Provided records –
------------------------------
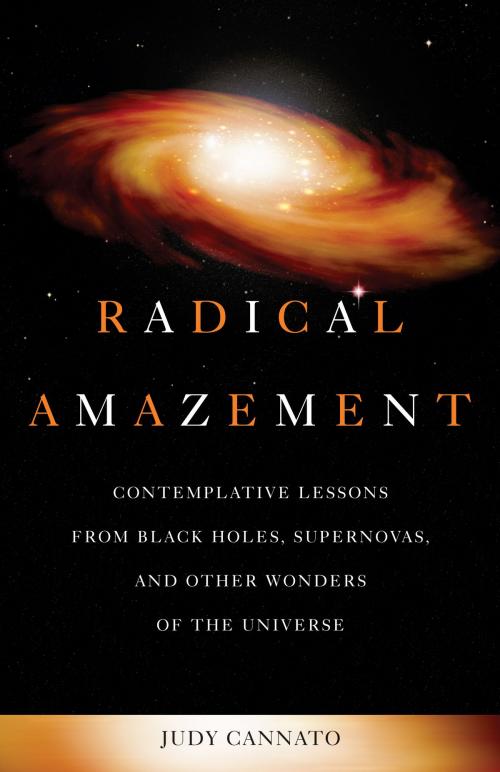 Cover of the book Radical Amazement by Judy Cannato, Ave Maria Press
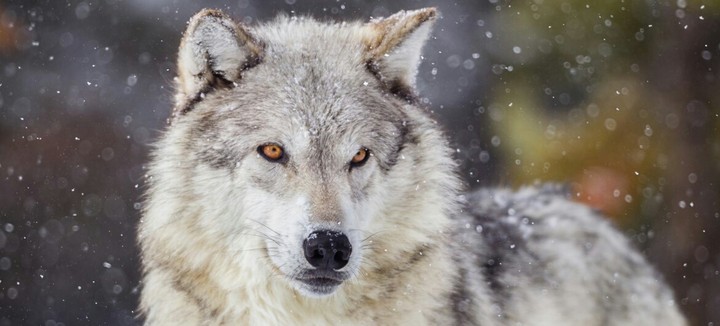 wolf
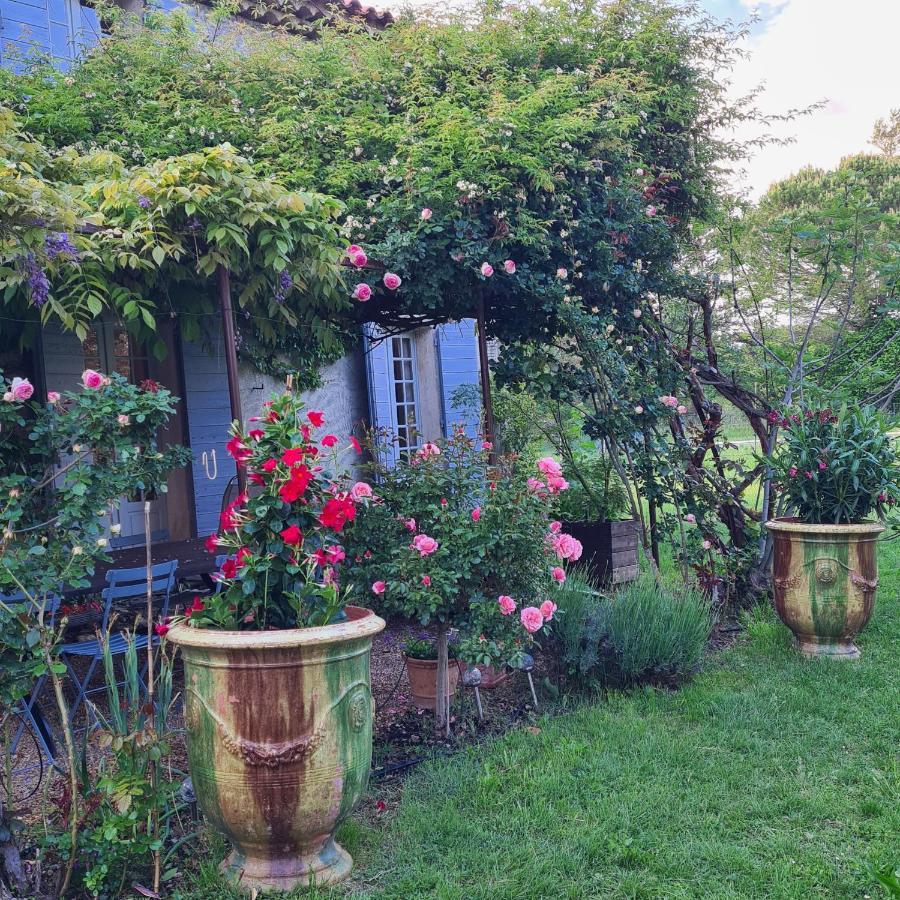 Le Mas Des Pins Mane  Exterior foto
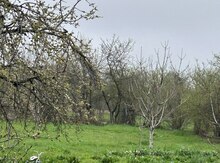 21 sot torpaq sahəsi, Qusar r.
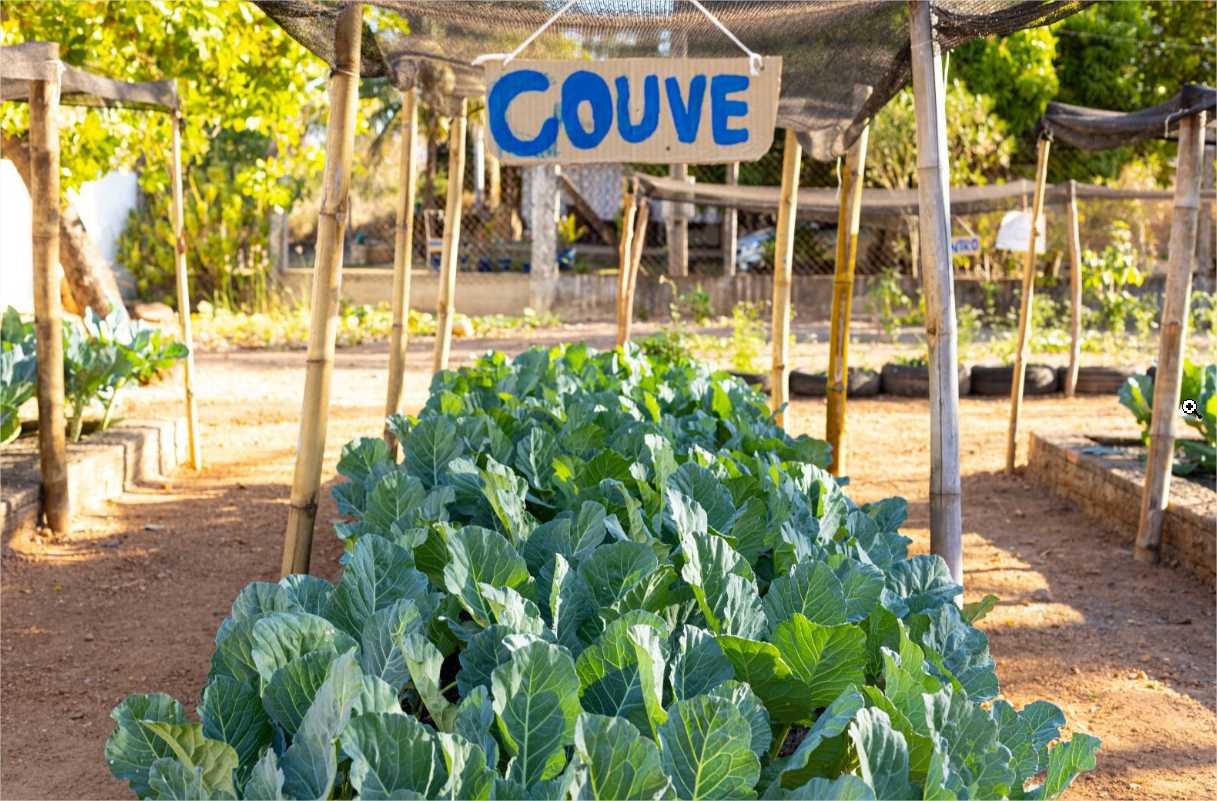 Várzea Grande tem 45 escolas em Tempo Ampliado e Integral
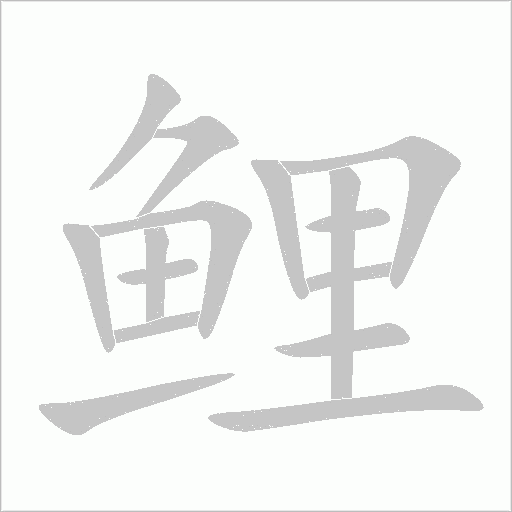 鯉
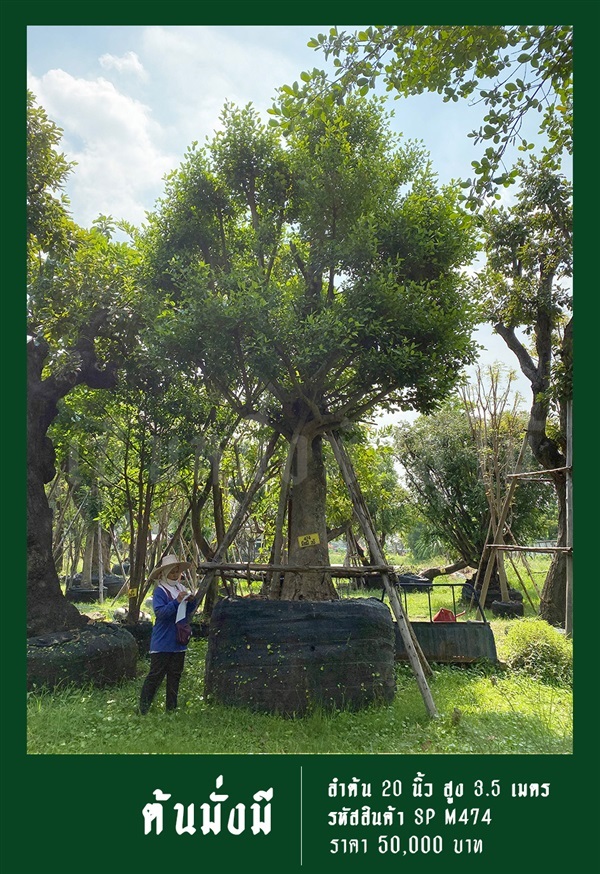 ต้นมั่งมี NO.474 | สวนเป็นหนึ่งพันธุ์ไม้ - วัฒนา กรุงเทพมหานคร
------------------------------
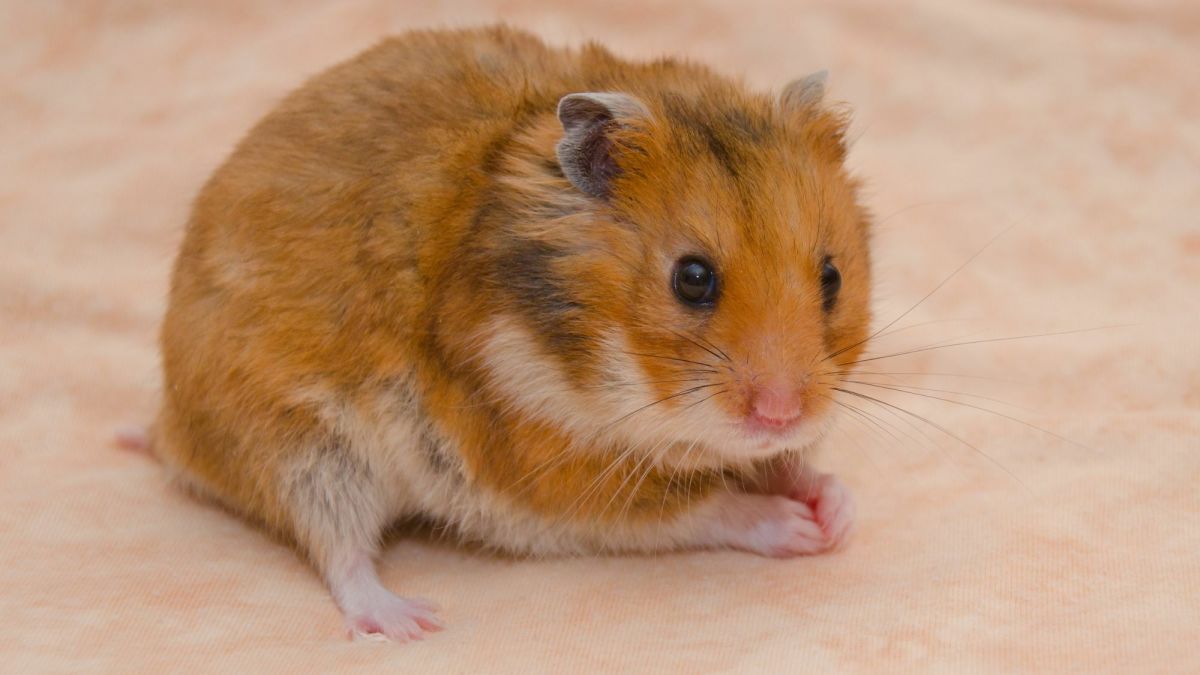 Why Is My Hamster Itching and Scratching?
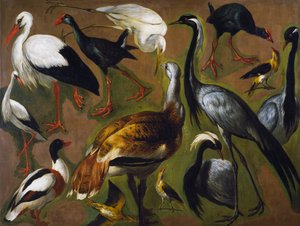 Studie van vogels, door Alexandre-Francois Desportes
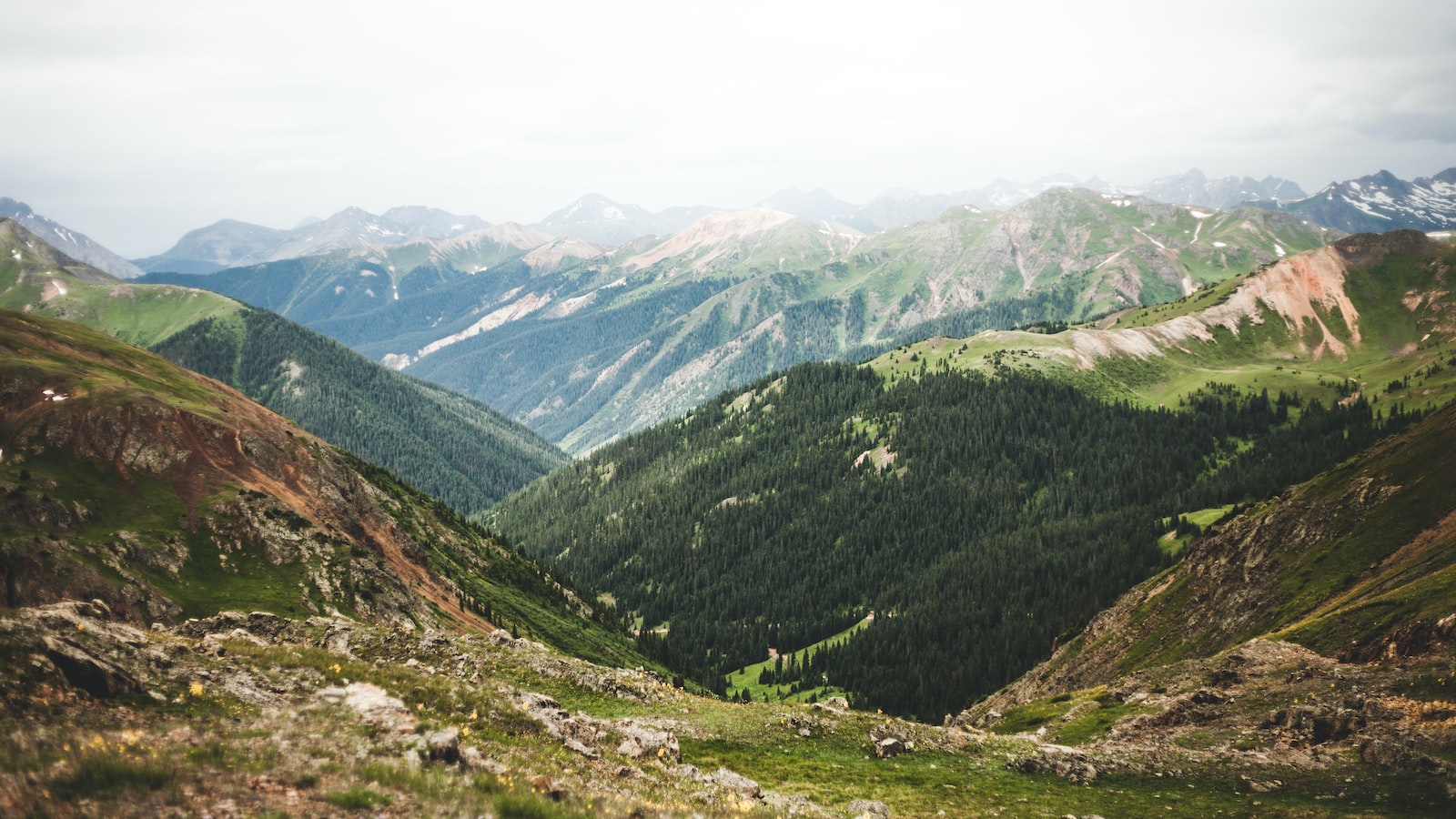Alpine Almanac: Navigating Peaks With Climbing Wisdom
------------------------------
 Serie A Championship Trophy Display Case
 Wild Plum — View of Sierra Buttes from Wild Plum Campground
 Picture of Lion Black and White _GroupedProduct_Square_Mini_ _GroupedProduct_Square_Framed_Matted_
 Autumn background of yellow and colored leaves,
------------------------------
Brief – Every line above between the one containing "Cover of the" and the one containing "ต้นมั่งมี NO.474 |", those two included, is to be printed exactly. No pictures go into the copy.

Output of the task –
 Cover of the book Radical Amazement by Judy Cannato, Ave Maria Press
 wolf
 Le Mas Des Pins Mane  Exterior foto
 21 sot torpaq sahəsi, Qusar r.
 Várzea Grande tem 45 escolas em Tempo Ampliado e Integral
 鯉
 ต้นมั่งมี NO.474 | สวนเป็นหนึ่งพันธุ์ไม้ - วัฒนา กรุงเทพมหานคร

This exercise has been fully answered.